The outfielders, perhaps 100 of us, are led to the warning track and, three at a time, we do 40-yard dashes. I win my heat and figure I'm still in the running for batting practice. Next we are directed to right field, where we are to make our throws to the plate. Because I am practically the only person who brought along a ball, I agree to play catch. No. 203 decides to throw me a high one. Back, back. Way back. The ball lands in the 10th row of the bleachers. "Sorry," he says, hanging his head.

"All right!" says a scout. "Line up and throw home." Each player gets three fun-goes to field and peg to the plate. Some of the throws dribble to the infield but a couple of the aspirants throw almost like big-leaguers.

My turn comes. "Hit the cutoff man," yells the scout. The ball arcs toward me. "Charge it! Charge it!" he screams. I scoop up the ball, feel a nice surge of power transferring up from the grass and into my arm. I throw one that lands within an arm's reach of the cutoff man. "Put it on a line," says the scout, without pleasure. "Rifle it." On the next fungo I rear back and whip the ball as hard as I can, on a line—50 feet short of the cutoff. A new sensation hits my arm—pain. It feels as if a dozen cattle prods have been applied from my elbow to my shoulder socket. My next throw is a joke. My right arm hangs useless at my side, three feet of mush. Now I'm afraid I won't get to hit.

After the throwing, there is a surprise for us. "Everybody gets to hit today," says the scout, to restrained cheering. "You get five balls against Mike over there." He gestures to the pitching machine on the mound. "Not five swings, five balls. Don't take pitches. Hit the ball. Sting it."

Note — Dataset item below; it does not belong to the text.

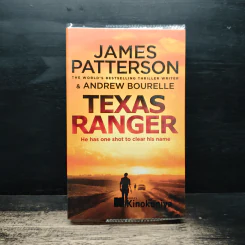 Texas Ranger - James Patterson, Andrew Bourelle รูปที่ 1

The players eagerly step in to take their cuts. But Mike is temperamental. For a while he throws knuckleballs, and then he goes for a few heads. He strikes out the tall batters and plays chin music on the shorties. When No. 236 finally drills one into the left field stands, the entire assemblage applauds vigorously.

Catchers, holdovers from the morning session, step in to receive Mike's deliveries. The first catcher goes down in a heap after a low foul tip. A new one comes in, but after a dozen or so batters he also takes a dive and crawls out of the batting cage. When a third catcher is decked, Mike is allowed to hum his stuff unobstructed to the screen.

When my turn comes, I find I can't get around on the ball, fouling off each pitch. Just as I decide to choke up a bit the coach shouts, "Next!"

I head for the exit. "Think you made it?" asks a player in the tunnel. I shrug and say, "I don't think anybody could make it at one of these things."

"I hear Dan Driessen did," he says.

"Yeah, well, that's what I hear, too."

We stand for a moment, listening to Mike flatten another batter.

"But I hear they had live pitchers at Cincinnati," says the player.

"Oh," I say, feeling suddenly that this is the stuff we athletes are made of. "No wonder."